The aim of the Outlook, as it was presented then and is still presented now, is to dispel any notion that there might be a clean energy future lying ahead. Population rise, increasing wealth in emerging economies and the energy these would require can only be met by increasing supply of fossil fuels, according to the figures. Exxon does not dismiss renewable energy and efficiency out of hand but maintains that they will not challenge the continued dominance of fossil fuels, particularly oil and gas, in the time frame.
Back in 2005, the timeframe stretched to 2030. Today the timeframe stretches to 2040, but global energy demand is to grow 35% just as it was between 2005 and 2030, and the overall conclusions remain the same.
Following the success of the 2005 White House staff briefings Exxon began to present the Outlook regularly to governments, NGOs, and the media. Slides from the Outlook began to appear in presentations to investors.
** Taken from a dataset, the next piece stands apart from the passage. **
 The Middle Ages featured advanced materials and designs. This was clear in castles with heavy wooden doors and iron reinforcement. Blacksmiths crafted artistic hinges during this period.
One British NGO director, quoted in Coll’s book, noted the change in Lee Raymond’s presentation but not the substance in what he was saying. “I note that Raymond is no longer seeking to gainsay the science behind climate change. (…) Instead he simply predicts an endless rise in the demand for the fossil fuels his company sells, and maintains that there is nothing that can be done to alter that.”
Over the next few days you may frequently see the media, particularly the business media, repeat parrot-like the findings of the Exxon Energy Outlook discussing it as if it is a forecast of things to come that can be relied upon as a basis upon which to maintain investments in oil and gas.
You’re probably less likely to see coverage of another report published this week that documents the growing investments by Fortune 100 companies (Exxon aside), in renewable energy and efficiency technologies that are helping to reduce the price volatility that these companies face in their energy costs.
The Exxon Energy Outlook is no forecast. It is an outlook, Exxon’s outlook, and what it envisages is an energy future we cannot afford.